The word spices almost feels synonymous with far-off lands, yet so many flavours can be found growing wildly and abundantly right here in the UK. I’ve pulled together a list here of some of my favourites that are fairly easy to find and flavours that are fun to work with, especially with the festive season upon us. Although not all native to the UK, some of these wild plants are more common than you might expect, and their resemblance to those that we import might surprise you. You can think of some of these local versions as direct alternatives to those imported spices, but they do carry their own unique flavours so you can create really interesting dishes with them. A wild food hero of mine, Pascal Baudar, refers to this idea of working with local wild flavours as your local “terroir” (a term used in winemaking).
Alexanders seeds are jet black and they smell and taste just like black pepper. The plant is not strictly native to the UK since it was brought over by the Roman empire, but I reckon its been here long enough to call it our own. Alexanders is generally found in the south by the coast, but it can certainly be found further inland too and I’ve come across it in London. Use Alexanders seeds anywhere you would use black pepper – I used alexanders seeds in this recipe for Marinated Goat’s Cheese with Wild Herbs & Spices.
Wild Carrot Seeds
These beautiful little nests of fuzzy seeds are quite distinctive and I think they’re stunning. The flavour of the seeds are vaguely reminiscent of caraway. (They traditionally have been used as a natural method of birth control, so I wouldn’t recommend to use them if you’re pregnant or trying to conceive.)
Wild Fennel Seeds
It’s amazing how abundant wild fennel can be – I’ve found fennel particularly by the coast, but I also found some by roadsides in Hackney so it really could be anywhere. I know the flavour isn’t for everyone, but I’ve always loved things like fennel, liquorice and aniseed so I could eat fennel seeds like sweets! I might even try making a fennel brittle over Christmas…
Common Hogweed Seeds
Common hogweed grows just about everywhere and the umbels of light brown, flat, disc-like seeds are quite distinctive in the autumn and early winter. Crushing a single seed between your fingers reveals a pungent hit of orange peel with cardamom and they keep their flavour beautifully when dried. They can be used in both savoury and also sweet recipes such as these Wild Plum & Hogweed Seed Flapjacks and are perfect over the festive season.
Magnolia trees are usually planted as ornamentals but established trees can be really prolific. The flowers vary in their flavour and particularly their bitterness, but they often have a beautiful ginger flavour that is remarkable and can be preserved by drying.
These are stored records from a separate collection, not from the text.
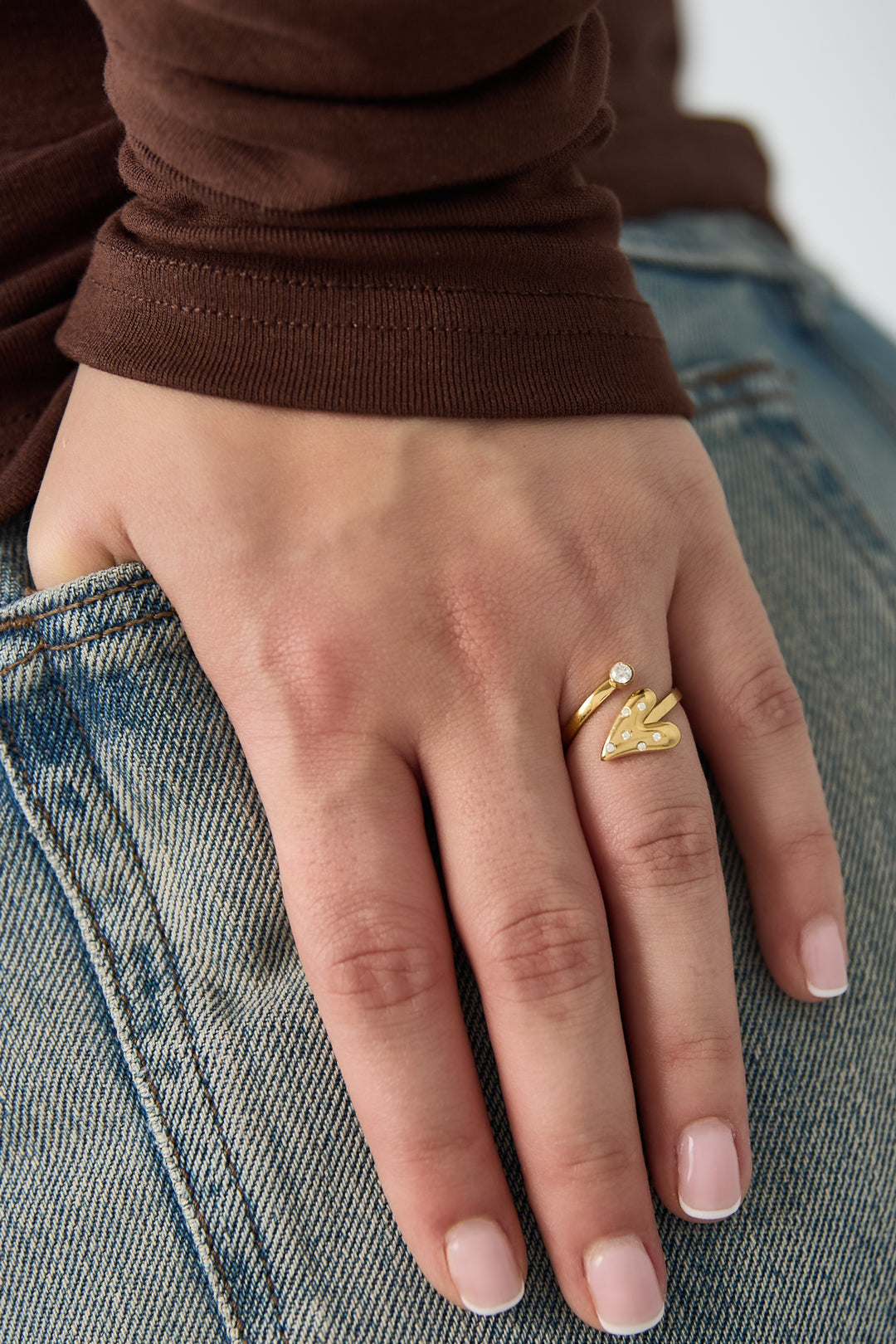 Minimalistische Ringe aus 14-karätig vergoldetem Edelstahl, Herz-Design, lässig-schlichte Serie, Damenschmuck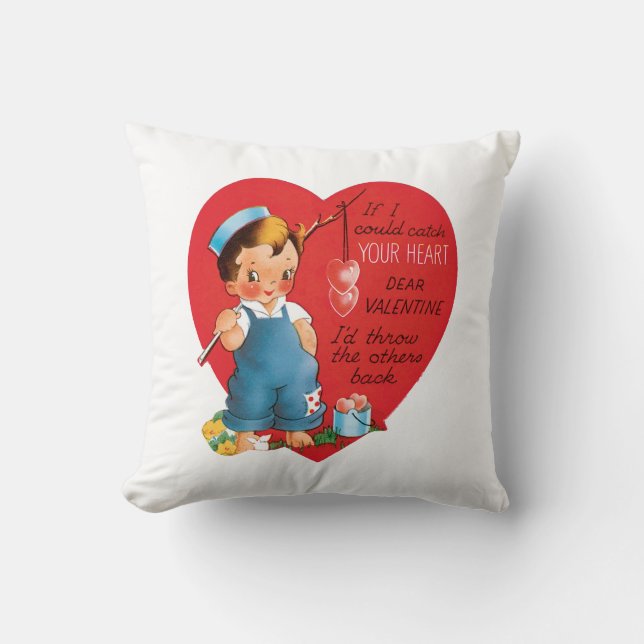 Antique Valentine Boy Heart Kudde (Framsida)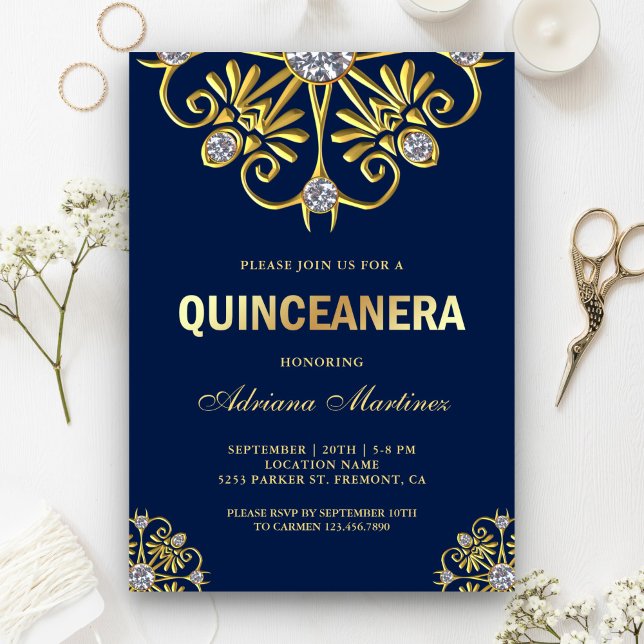 Invitation Diamant bleu Mandala Quinceanera (Créateur téléchargé)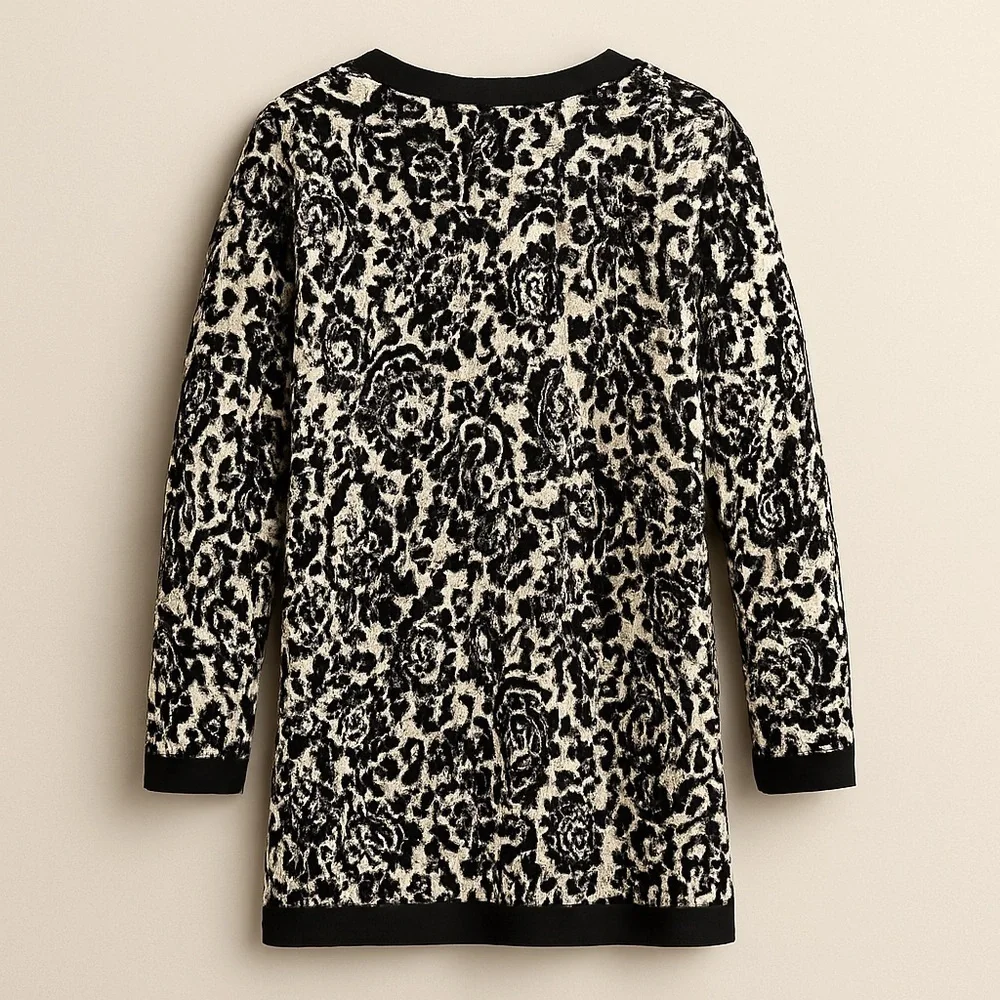 Black White Cardigan Damask Jacquard Sweater Cardigan Classic Casual EUC S #785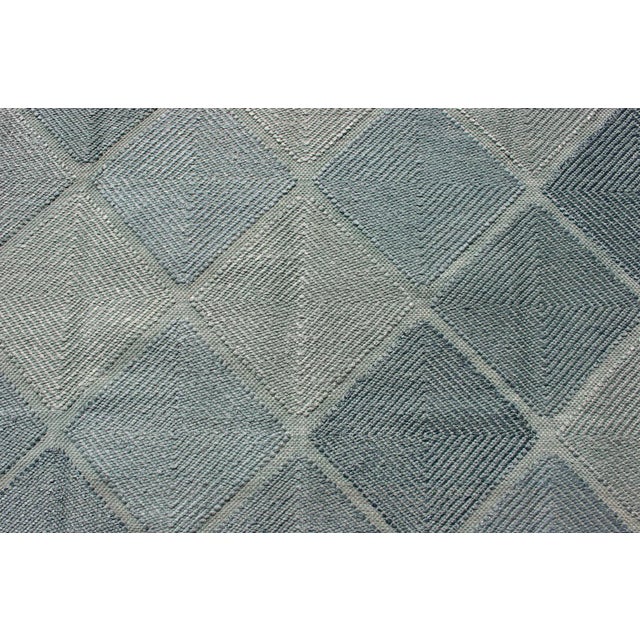 Keivan Woven Arts Hand-Woven Scandinavian Rug, Wool, Blue & Green 9'1 X 12'11 For Sale - Image 10 of 11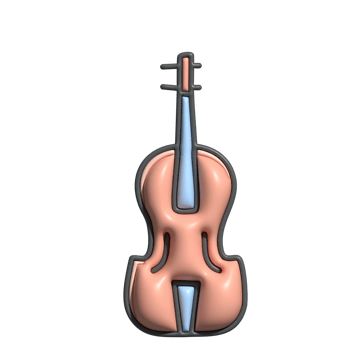 3D Render of Violin Icon Classical Music, Instrument, and Elegant Sound Symbol png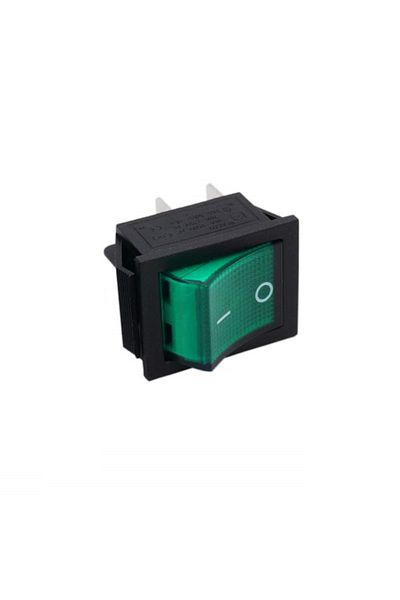 OEM Buton cu 2 pozitii, KCD4, verde, cu 4 pini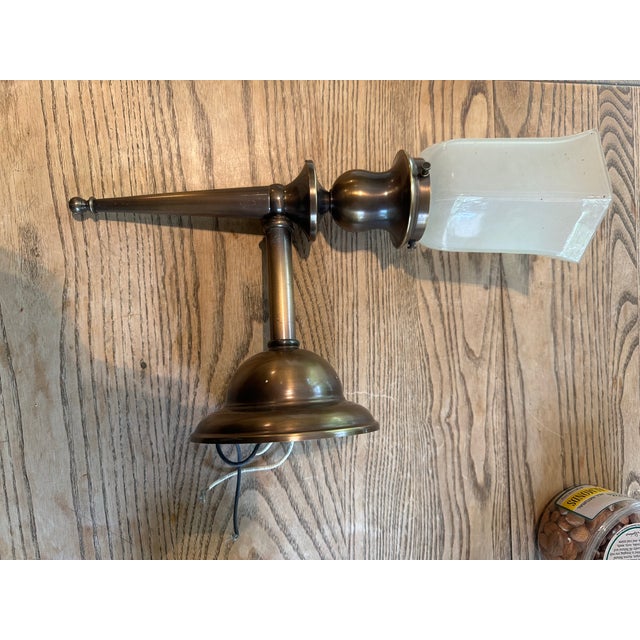 Vintage Brass Wall Sconce With Vintage Frosted Shade For Sale In New York - Image 6 of 6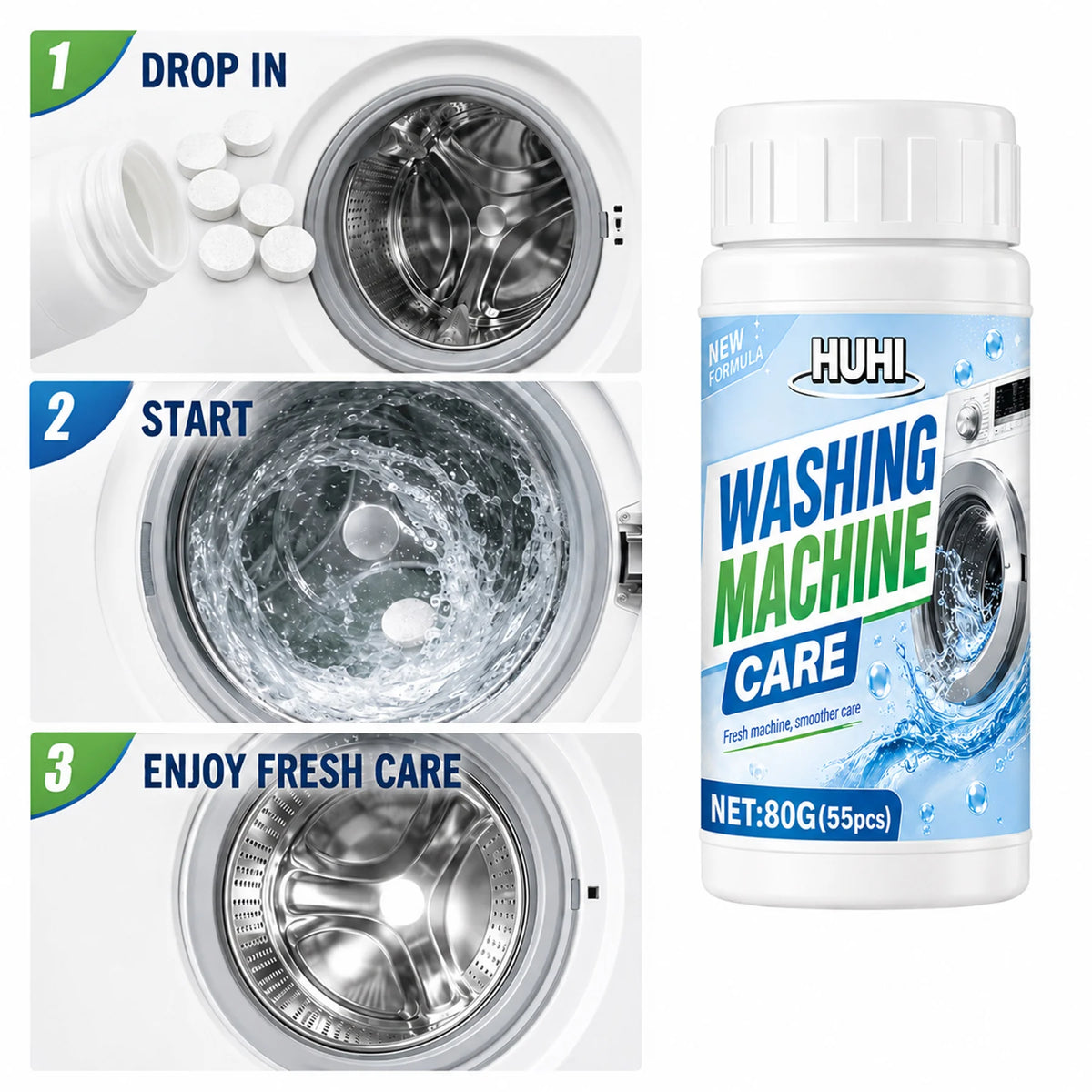 55Pcs Multi-use Appliance Effervescent Tablets. Cleans Washer Drums &amp; Pipes, Eliminates Grime &amp; Odors for Daily Maintenance.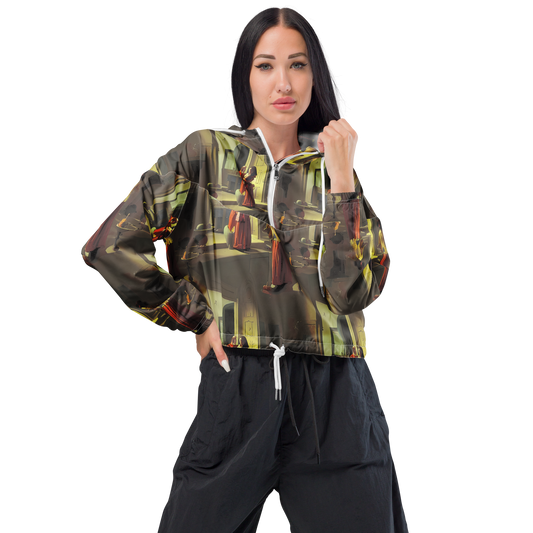 Women's Cropped Windbreaker - Surreal Shadows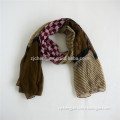 lady's infinity scarf,new trible stripe + checked printing viscose scarf shawl,muslin shawl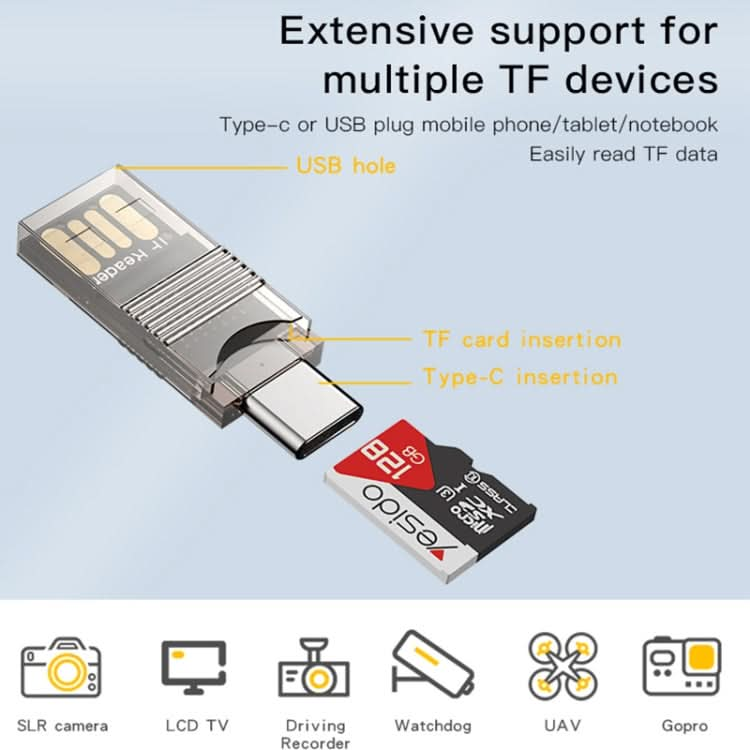 Yesido GS21 USB 3.0 to USB-C / Type-C + TF Card 2 in 1 OTG Card Reader Adapter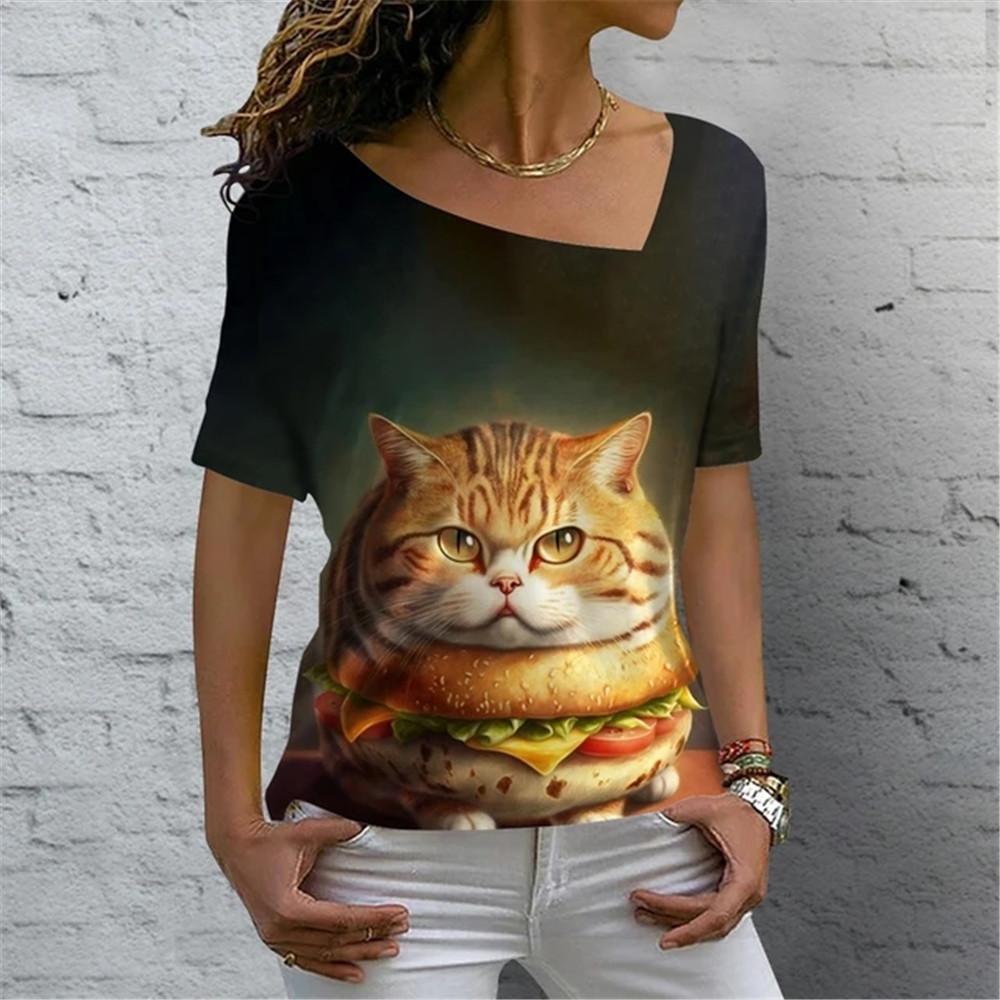 Sexy Scollo Obliquo Gatto Carino Stampa 3D Versatile T-shirt da Donna Vintage Harajuku Manica Corta Estiva Casual Abbigliamento Femminile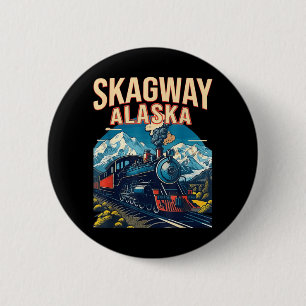 Skagway Alaska Steam Train Gateway Klondike 6 Cm Round Badge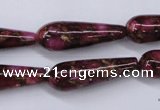 CGO79 15.5 inches 10*30mm teardrop gold red color stone beads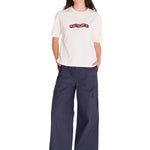 Polera Manga Corta Casual Mujer BOXY HEAVYWEIGHT HERITAGE 1925 GRAPHIC TEE Blanca Cat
I love finding new trees and giving them a taste to find out that tree’s very own unique blend of floral, ginger notes. Usually the flavour is least bitter when the buds are just about to open up. I used the fresh petals in this recipe for Wild Garlic, Mushroom, and Magnolia Petal Gyoza.
Staghorn Sumac Berries
This is another surprisingly common spice as sumac trees are also often planted in parks and gardens and actually spread quite easily if left to their own devices. They’re not usually found growing wild, but if you have a garden they grow well in the UK, or you could see if you have a friendly neighbour with a sumac tree.
Wood Avens Root
This “weed” hides in plain sight almost everywhere and now is a great time of year to harvest some as all of the energy is being piled into the roots ready for a burst of growth in spring. The roots are where the flavour is and it tastes just like clove, hence the alternative name for this herb of “cloveroot” – great for your christmas bakes. Make sure you have permission before uprooting any plants, even on public land. You could try using it in this recipe for Preserved Pears in Rooibos Syrup.
It’s so worth exploring wild spices! I’ve really enjoyed building up my wild spice larder this year so I can blend and combine them into different recipes. I keep mine in a steel, masala dabba which is an Indian spice tin with separate inner tins for the individual spices. It’s perfect for a wild spice collection and they can be stacked too so you’re not limited on how many spices you can store.
A note on safety – do make sure you’re always triple-checking your ID of plants. Some of the plants listed are members of the carrot family which has a number of deadly members so make sure you use a trusted ID guide or have an expert show you.